THE PROBLEM: Transcribe only the part of the material below that begins at the line containing "New 2026 GMC" and ends at the line containing "2436 Arapaho Street Sarasota FL 34231", with both kept and images left out.

********************

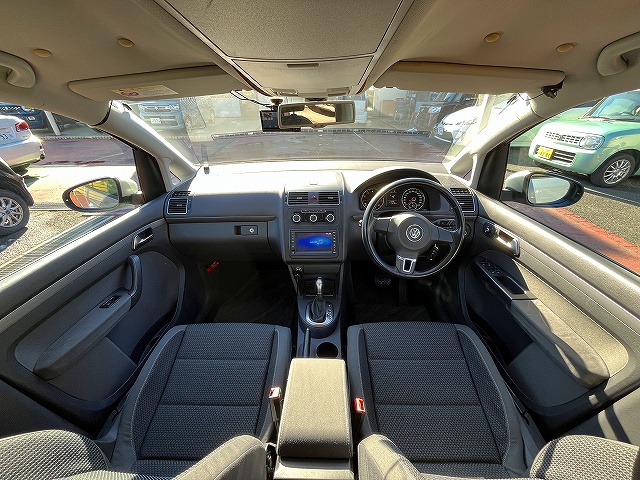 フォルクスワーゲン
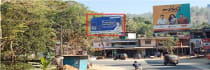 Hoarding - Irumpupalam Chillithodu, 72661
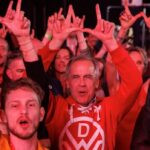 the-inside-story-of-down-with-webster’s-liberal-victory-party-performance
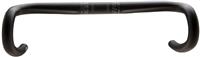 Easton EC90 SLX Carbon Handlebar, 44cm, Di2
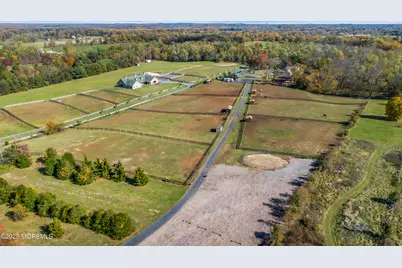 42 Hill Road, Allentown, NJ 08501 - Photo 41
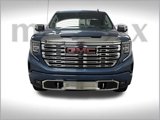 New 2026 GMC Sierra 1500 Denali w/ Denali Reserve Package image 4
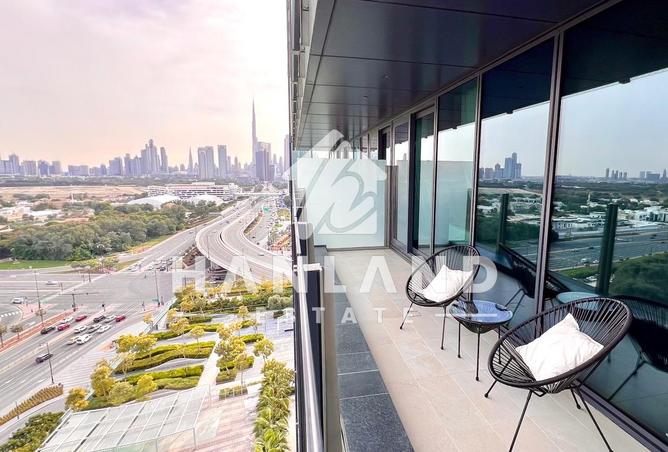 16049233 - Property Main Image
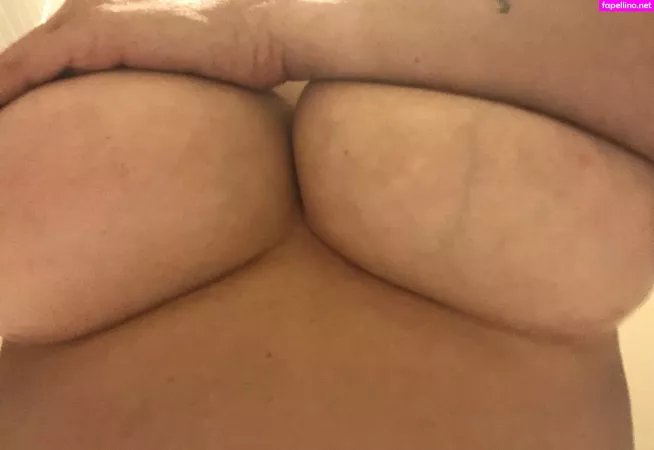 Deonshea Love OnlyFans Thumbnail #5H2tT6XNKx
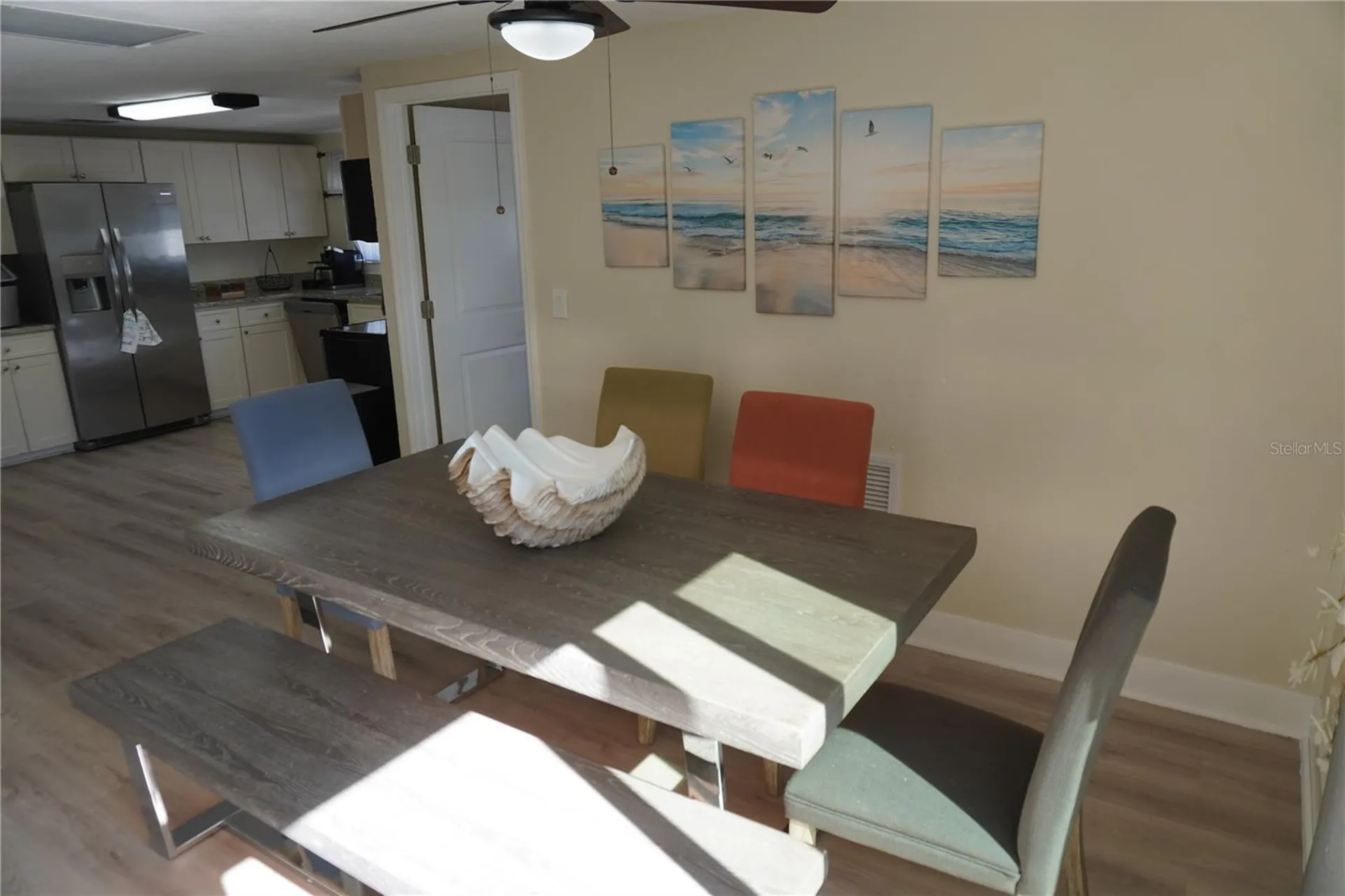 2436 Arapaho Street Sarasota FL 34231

********************

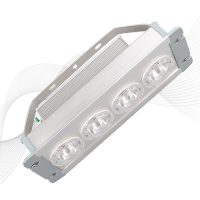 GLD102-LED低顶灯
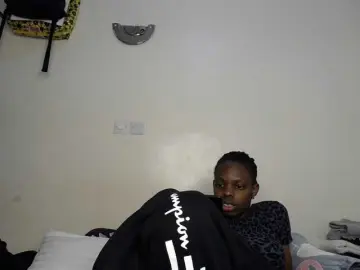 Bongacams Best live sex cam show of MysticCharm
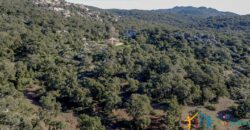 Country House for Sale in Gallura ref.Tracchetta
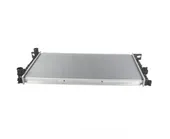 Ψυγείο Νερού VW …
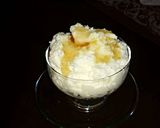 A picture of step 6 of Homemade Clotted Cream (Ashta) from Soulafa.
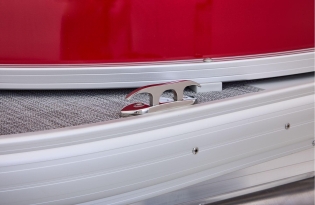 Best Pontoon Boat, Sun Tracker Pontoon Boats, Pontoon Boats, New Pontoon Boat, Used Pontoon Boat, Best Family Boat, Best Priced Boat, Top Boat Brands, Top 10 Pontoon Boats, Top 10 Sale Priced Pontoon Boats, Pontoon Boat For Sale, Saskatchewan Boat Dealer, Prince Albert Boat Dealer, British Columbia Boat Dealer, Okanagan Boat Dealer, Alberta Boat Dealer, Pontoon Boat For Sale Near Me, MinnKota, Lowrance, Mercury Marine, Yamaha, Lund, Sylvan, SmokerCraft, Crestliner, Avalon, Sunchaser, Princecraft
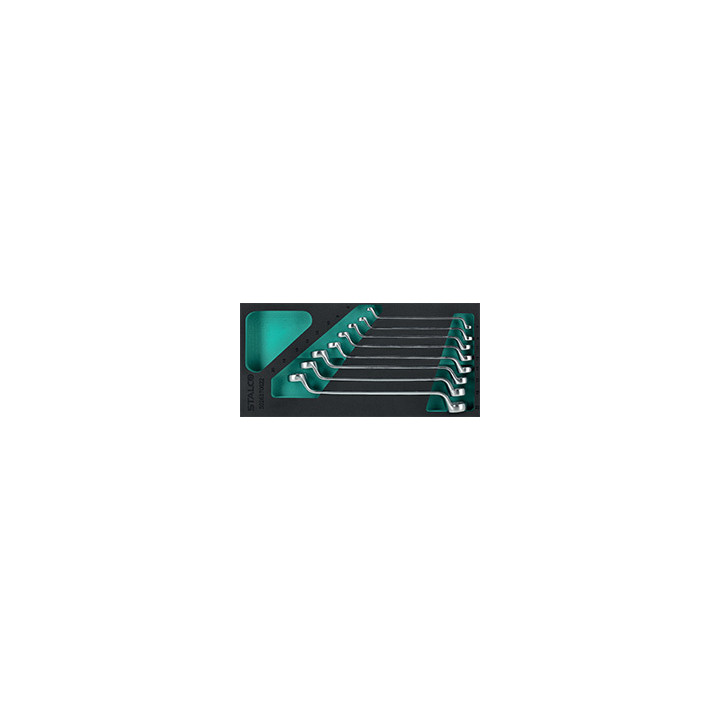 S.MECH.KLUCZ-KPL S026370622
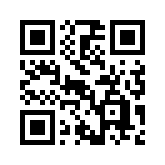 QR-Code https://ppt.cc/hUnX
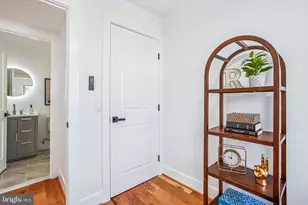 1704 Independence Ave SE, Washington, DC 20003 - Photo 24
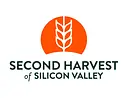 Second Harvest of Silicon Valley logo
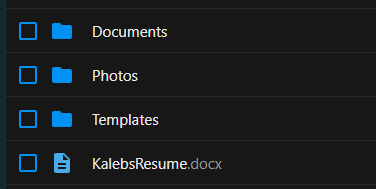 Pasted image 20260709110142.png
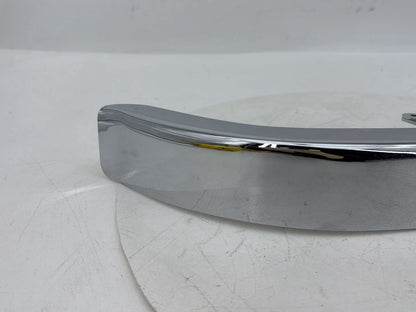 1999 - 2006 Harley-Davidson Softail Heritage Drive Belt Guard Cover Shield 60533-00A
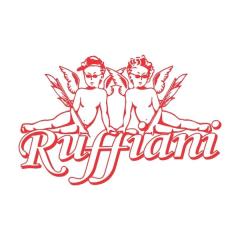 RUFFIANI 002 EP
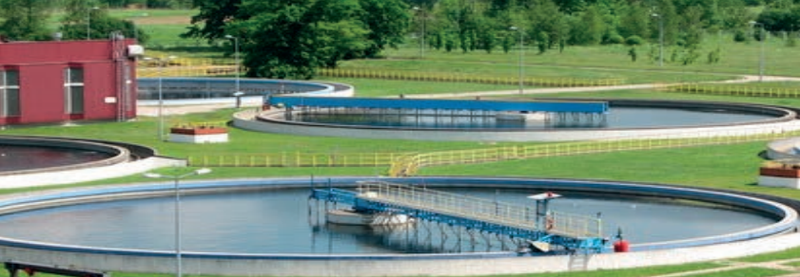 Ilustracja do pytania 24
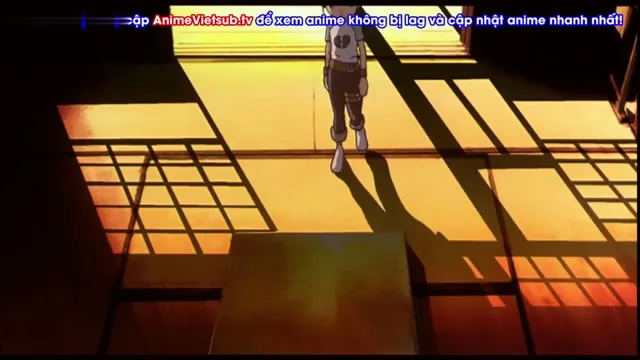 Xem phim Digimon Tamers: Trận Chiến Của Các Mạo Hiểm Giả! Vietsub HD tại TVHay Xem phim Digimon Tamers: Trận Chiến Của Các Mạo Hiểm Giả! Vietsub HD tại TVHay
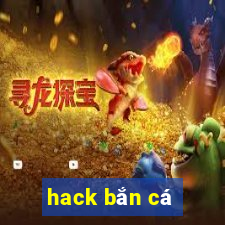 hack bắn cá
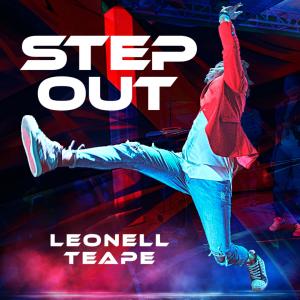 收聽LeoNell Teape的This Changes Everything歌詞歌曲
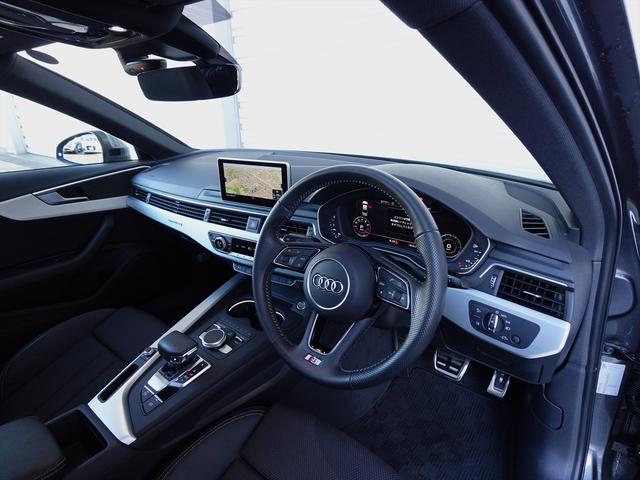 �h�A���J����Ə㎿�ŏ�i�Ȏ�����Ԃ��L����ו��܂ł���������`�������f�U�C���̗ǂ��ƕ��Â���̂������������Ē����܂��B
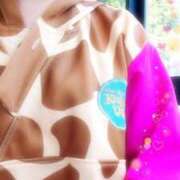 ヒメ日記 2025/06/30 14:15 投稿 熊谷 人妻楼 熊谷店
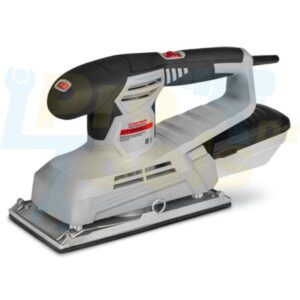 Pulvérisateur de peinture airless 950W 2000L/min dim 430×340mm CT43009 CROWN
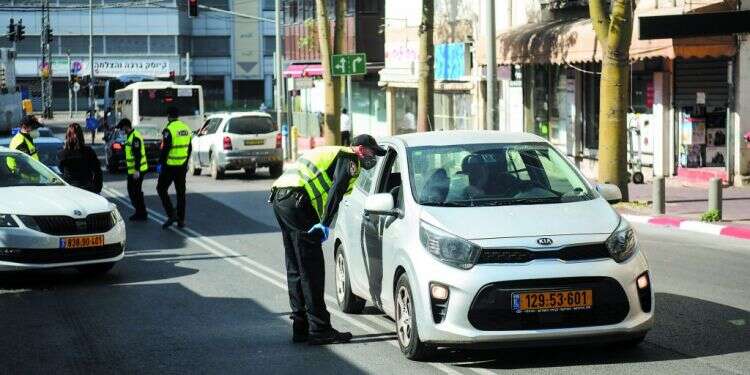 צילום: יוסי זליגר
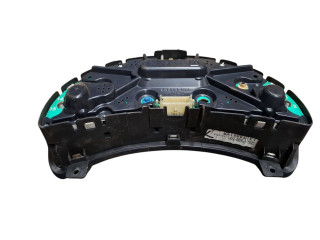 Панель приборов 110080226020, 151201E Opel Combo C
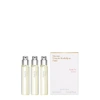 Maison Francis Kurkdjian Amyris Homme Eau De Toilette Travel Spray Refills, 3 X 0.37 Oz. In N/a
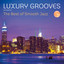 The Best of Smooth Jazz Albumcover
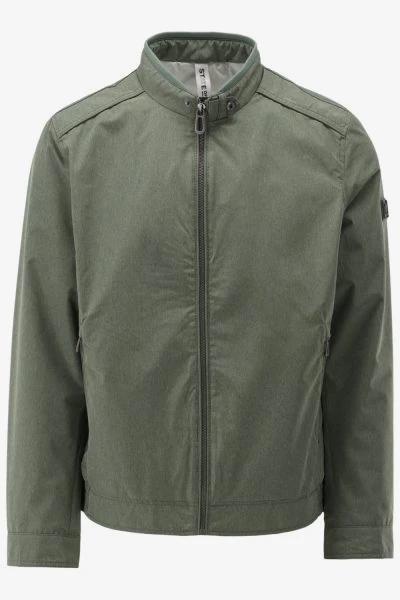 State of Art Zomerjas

********************

SOLUTION FOR THIS EXERCISE:
 New 2026 GMC Sierra 1500 Denali w/ Denali Reserve Package image 4
 16049233 - Property Main Image
 Deonshea Love OnlyFans Thumbnail #5H2tT6XNKx
 2436 Arapaho Street Sarasota FL 34231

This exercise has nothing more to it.